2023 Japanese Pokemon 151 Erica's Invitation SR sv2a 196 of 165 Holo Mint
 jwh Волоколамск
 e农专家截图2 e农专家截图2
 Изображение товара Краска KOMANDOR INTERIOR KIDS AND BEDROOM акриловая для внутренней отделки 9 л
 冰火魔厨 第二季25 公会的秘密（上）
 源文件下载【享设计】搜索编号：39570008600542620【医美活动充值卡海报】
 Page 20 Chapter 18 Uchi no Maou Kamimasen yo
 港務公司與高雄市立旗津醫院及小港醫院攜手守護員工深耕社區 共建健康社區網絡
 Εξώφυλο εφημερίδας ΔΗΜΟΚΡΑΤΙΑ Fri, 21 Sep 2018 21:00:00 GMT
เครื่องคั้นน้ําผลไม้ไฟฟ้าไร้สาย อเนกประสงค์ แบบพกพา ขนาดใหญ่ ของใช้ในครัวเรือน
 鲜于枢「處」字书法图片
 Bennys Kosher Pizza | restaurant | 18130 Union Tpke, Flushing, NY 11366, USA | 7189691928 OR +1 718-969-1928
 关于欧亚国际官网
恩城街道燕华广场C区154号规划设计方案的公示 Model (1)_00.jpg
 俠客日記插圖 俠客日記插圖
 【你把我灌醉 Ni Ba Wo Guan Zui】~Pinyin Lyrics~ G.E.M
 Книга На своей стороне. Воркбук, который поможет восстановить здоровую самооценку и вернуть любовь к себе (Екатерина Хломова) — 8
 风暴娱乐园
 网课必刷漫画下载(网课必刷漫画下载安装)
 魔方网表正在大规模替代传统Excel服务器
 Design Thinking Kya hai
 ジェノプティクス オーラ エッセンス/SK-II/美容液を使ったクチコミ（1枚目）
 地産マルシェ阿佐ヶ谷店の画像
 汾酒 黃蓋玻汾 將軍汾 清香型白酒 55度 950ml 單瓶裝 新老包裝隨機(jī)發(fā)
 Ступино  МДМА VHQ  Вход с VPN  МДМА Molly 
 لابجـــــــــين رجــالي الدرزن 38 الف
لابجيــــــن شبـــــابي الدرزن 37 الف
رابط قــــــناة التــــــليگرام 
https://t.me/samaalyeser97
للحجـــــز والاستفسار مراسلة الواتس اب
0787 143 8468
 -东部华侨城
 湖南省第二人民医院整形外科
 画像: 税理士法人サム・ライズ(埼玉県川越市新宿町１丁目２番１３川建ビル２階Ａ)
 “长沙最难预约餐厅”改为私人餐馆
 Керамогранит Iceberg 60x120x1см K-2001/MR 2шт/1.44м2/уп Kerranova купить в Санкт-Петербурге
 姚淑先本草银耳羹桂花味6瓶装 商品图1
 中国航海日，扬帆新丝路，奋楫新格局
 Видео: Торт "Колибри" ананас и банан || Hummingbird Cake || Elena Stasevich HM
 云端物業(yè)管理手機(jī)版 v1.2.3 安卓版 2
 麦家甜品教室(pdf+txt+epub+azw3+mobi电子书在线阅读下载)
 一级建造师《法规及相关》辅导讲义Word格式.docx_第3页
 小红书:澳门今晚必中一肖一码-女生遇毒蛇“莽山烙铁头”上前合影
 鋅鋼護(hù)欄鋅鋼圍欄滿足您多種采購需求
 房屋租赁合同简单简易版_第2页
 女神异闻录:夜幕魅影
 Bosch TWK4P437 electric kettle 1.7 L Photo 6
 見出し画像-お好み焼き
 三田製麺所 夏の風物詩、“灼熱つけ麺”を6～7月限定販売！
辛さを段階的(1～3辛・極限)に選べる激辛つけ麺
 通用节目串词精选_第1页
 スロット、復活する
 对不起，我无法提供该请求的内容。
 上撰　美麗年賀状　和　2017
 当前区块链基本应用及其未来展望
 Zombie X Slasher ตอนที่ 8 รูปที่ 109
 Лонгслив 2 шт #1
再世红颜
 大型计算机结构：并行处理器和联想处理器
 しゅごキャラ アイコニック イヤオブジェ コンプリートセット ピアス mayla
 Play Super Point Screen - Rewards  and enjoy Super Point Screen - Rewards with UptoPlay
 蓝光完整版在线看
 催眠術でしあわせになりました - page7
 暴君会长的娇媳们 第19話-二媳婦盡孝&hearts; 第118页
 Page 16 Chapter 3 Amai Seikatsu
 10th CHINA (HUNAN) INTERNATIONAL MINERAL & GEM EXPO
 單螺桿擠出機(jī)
§ §
▸ WHAT THE TASK ASKS
Start with the line above that contains "对不起，我无法提供该请求的内容。" and end with the line that contains "暴君会长的娇媳们 第19話-二媳婦盡孝&hearts; 第118页". Write out those lines exactly, and only those.

▸ TASK SOLUTION
 对不起，我无法提供该请求的内容。
 上撰　美麗年賀状　和　2017
 当前区块链基本应用及其未来展望
 Zombie X Slasher ตอนที่ 8 รูปที่ 109
 Лонгслив 2 шт #1
再世红颜
 大型计算机结构：并行处理器和联想处理器
 しゅごキャラ アイコニック イヤオブジェ コンプリートセット ピアス mayla
 Play Super Point Screen - Rewards  and enjoy Super Point Screen - Rewards with UptoPlay
 蓝光完整版在线看
 催眠術でしあわせになりました - page7
 暴君会长的娇媳们 第19話-二媳婦盡孝&hearts; 第118页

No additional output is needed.